The Pyramid Lake Paiute Tribewill hold the 2nd Annual Pyramid Lake $50,000 Cutthroat Challenge on Saturday and Sunday, October 2nd and 3rd to mark the opening weekend of fishing season at the lake. The Tribe invites fishermen of all ages and skill levels to register. A total of 25 Cutthroat Trout will be tagged, with 5 fish being randomly tagged and worth $10,000 each. The remaining 20 tagged fish may be redeemed for other prizes. Cost is $65 and participants will be limited to the first 500 fishermen registered. Get complete details and register online at www.pyramidlake.us or by phone at 1-888-225-2668. And by the way, Carson City has a great collection of coupons on their website offering some great discounts: from 50% off to 2-for-1 on dining out; $25 and 2-for-1 green fees for golf; $25 in free slot play and generous discounts for lodging . . .
The Western Folklife Center in Elko has installed three new exhibitions in its Wiegand Gallery: a photographic exhibit of ranch gates in the Southwest; a tribute to renowned western artist and author Will James and “Where the Cowboys Once Roamed”, an exhibition of black and white panoramic images created by Eureka, Nevada, photographer Deon Reynolds using a Kodak Fun Saver Panoramic 35 disposable camera re-loaded with black and white 35 mm film and developed in his darkroom in the Eureka Gallery on Main Street in Eureka.
It had escaped my attention until now that Carson City and Dayton combine to be an “official” Nevada whitewater destination.
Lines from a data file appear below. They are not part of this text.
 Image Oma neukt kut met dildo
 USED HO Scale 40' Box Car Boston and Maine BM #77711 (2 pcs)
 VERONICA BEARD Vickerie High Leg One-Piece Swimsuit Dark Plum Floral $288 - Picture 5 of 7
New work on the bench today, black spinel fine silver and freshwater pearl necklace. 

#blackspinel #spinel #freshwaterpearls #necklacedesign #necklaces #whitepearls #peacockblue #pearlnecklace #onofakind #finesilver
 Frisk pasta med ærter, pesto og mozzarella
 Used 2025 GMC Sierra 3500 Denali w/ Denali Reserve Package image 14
The area’s first rafting and kayaking facilities embrace a frisky stretch of the Carson River.
The newly constructed Morgan Mill put-in area is just upstream of the BLM offices on Deer Run Road just south of U.S. Highway 50 East on the far east side of Carson City. Once launched, boaters enjoy a 9.3-mile float through Class II and Class III whitewater downstream to Santa Maria Ranch River Park on the west end of Dayton. Signs advise boaters of rapids and where to take out of the river, and the magnificent river canyon provides views of historic gold and silver mill sites once flourished, stone walls that Chinese laborers crafted more than a century ago to shore up mountain mining roads. Preparations have been made for the V&T Railroad to be extended through the canyon to a permanent terminal. New facilities are also in place at the take-out area. Boaters can also go into the river further upstream at Carson River Park with a placid 3.3-mile Class I stretch of river that takes about 1.5 hours to float downstream to Morgan Mill Road and is suitable for beginners. The energetic float from Morgan Mill to Dayton is for experienced boaters and takes about two and a half hours.